En principe cependant les hommes doués de la force musculaire s’étaient constitués propriétaires de grands espaces de terre, contraignant les faibles de corps ou d’intelligence à y dépenser leur travail et leur abandonnant en retour une portion du produit, tout juste ce qu’il fallait pour maintenir l’esclave en état de travailler. Dans cette condition barbare de la société la richesse est mobilière — elle se compte par têtes de bêtes de somme appelées hommes, femmes et enfants, comme c’est aujourd’hui le cas à la Caroline, au Brésil, à Cuba. La terre, tenue par vastes domaines, ne trouve pas à circuler et a peu de valeur. L’homme lui-même, étant une propriété, n’a pas le droit de circuler parmi ses semblables. D’abord la loi l’attache à la terre, il est adscriptus glebœ — cependant, plus tard, il lui est permis d’acheter et de vendre, excepté de la terre — pour ce faire il circule, seulement en vertu d’un permis spécial délivré par son maître ; par exemple, dans l’Angleterre sous les Normands, et de nos jours en Russie et à la Caroline.

La population et la richesse augmentant, la diversité de profession s’établissant, le pouvoir d’association s’accroît, et les diverses facultés de l’homme se développent davantage ; le serrurier, le charpentier, le cordonnier, le fabricant et le négociant viennent ensemble former le noyau de la ville future — et c’est alors que la terre se divise, soit pour être tenue en propriété absolue, soit sous la condition d’une rente annuelle servie au propriétaire, comme compensation pour son usage.

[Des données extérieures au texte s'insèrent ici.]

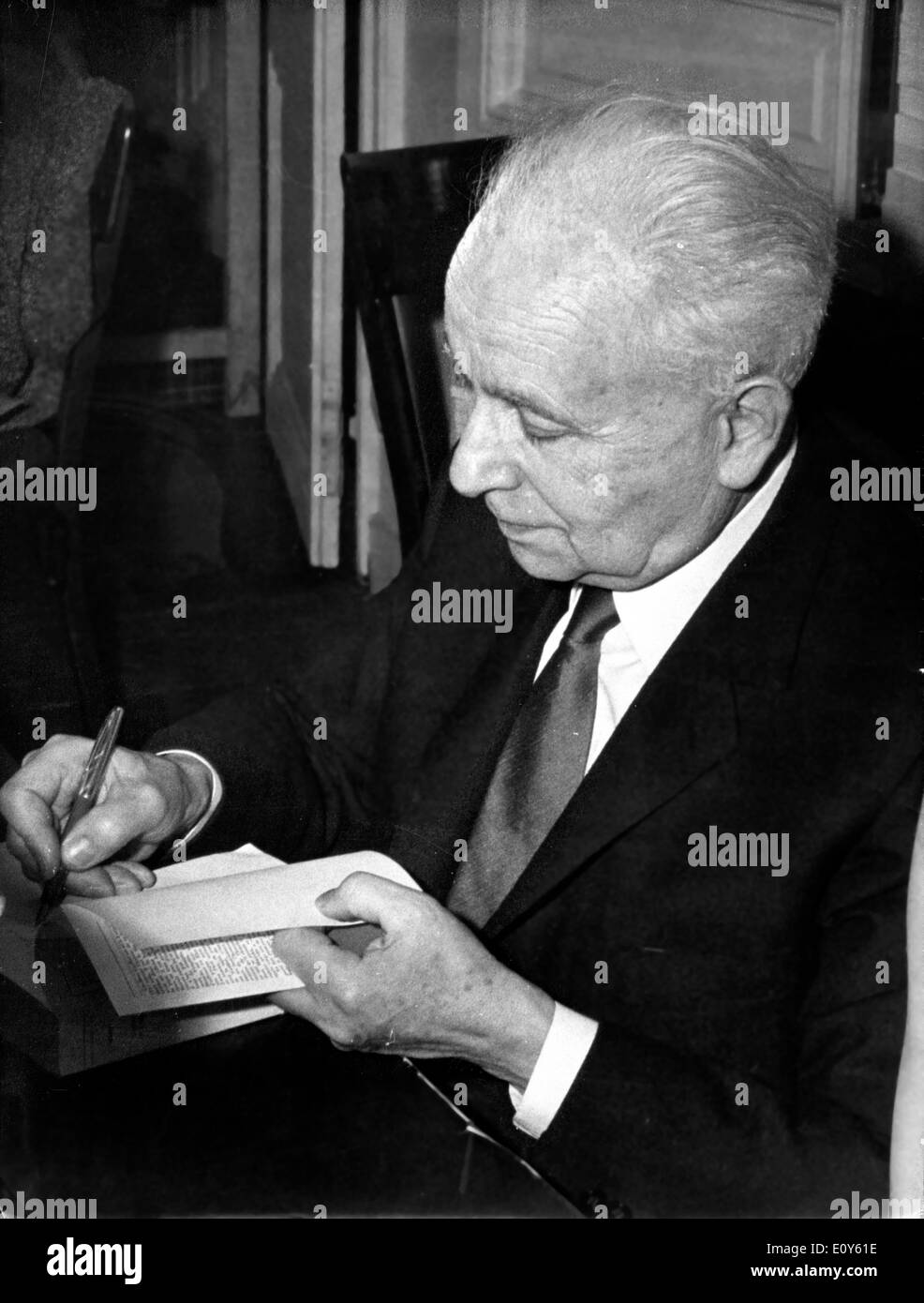 Dec 02, 1968; Paris, France; The annual sale of books by the authors was held at Palais D'Orsay in Paris, yesterday. The proceeds of the sale sponsored by the National Committee of Writers go for the benefit of needy members. The picture shows the famous poet LOUIS ARAGON autographing his books during the sale. Stock Photo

À mesure que s’accroît la ville, la terre se divise de plus en plus — à chaque maison qui se bâtit s’attache un droit à l’occupation exclusive du sol sur lequel elle repose. Avec la richesse et la puissance qui grandissent, la propriété et la personne acquièrent plus de sécurité, et il y a accroissement continue de la valeur de la terre

  1. M. de Tocqueville (l’Ancien régime, ch. 15) a montré que les erreurs du socialisme moderne ne sont qu’une reproduction de celles des écrivains français du dernier siècle. — Les doctrines de la propriété en commun, du droit au travail, de l’égalité absolue, de l’uniformité universelle, de la régularisation mécanique des actes individuels, des règlements despotiques sur toute chose, et l’absorption complète de l’individu dans le corps politique se trouvent exposés dans le Code de la nature de Morelli tout aussi bien qu’ils l’ont été depuis dans les écrits de Proudhon ou de Louis Blanc.